In the 1950s, psychologist Lawrence Kohlberg began to formulate new ideas based upon Piaget’s theory that analyzed how moral and ethical behavior developed through the lifespan. He coined his theory as the Stages of Moral Development.

In the 1970s, a young psychologist by the name of James Fowler met Kohlberg and was fascinated by his ideas about moral development. Being a man of faith, Fowler wanted to know if spirituality was an experience shared by humans as part of cognitive development. His research would eventually lead him to develop a six-phase theory of faith development and to writing a book called Stages of Faith, which explains how the brain develops to conceptualize ideas about faith and religion.

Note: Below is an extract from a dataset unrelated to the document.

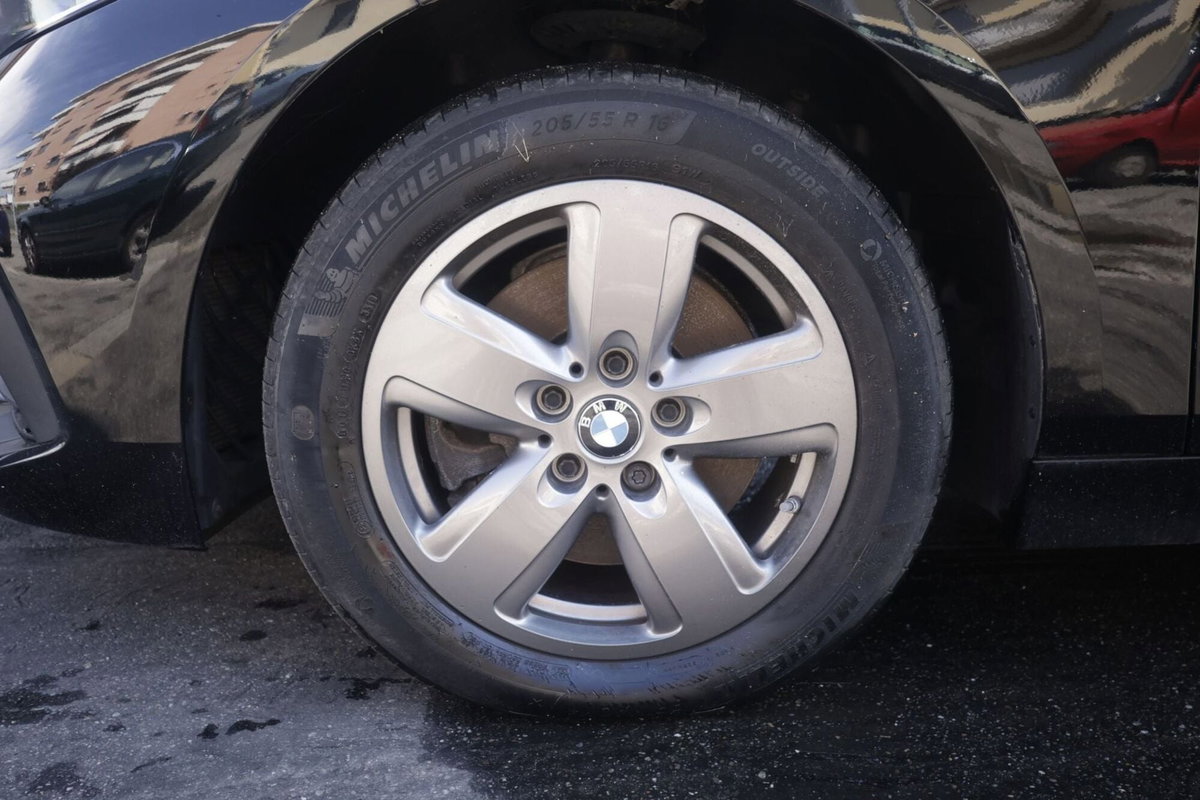 BMW Serie 1 118i 5p. Advantage (5)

So, what is faith? Fowler says that faith extends beyond religiosity such as an affiliation with Christianity, Buddhism, Islam, etc. He says that faith “may be characterized as an integral, centering process, underlying the formation of the beliefs, values, and meanings that:

  1. give coherence and direction to persons’ lives;
  2. link them in shared trusts and loyalties with others;
  3. ground their personal stances and communal loyalties in a sense of relatedness to a larger frame of reference; and
  4. enable them to face and deal with the challenges of human life and death, relying on that which has the quality of ultimacy in their lives.”

In short, faith is higher meaning, awareness, and connectedness.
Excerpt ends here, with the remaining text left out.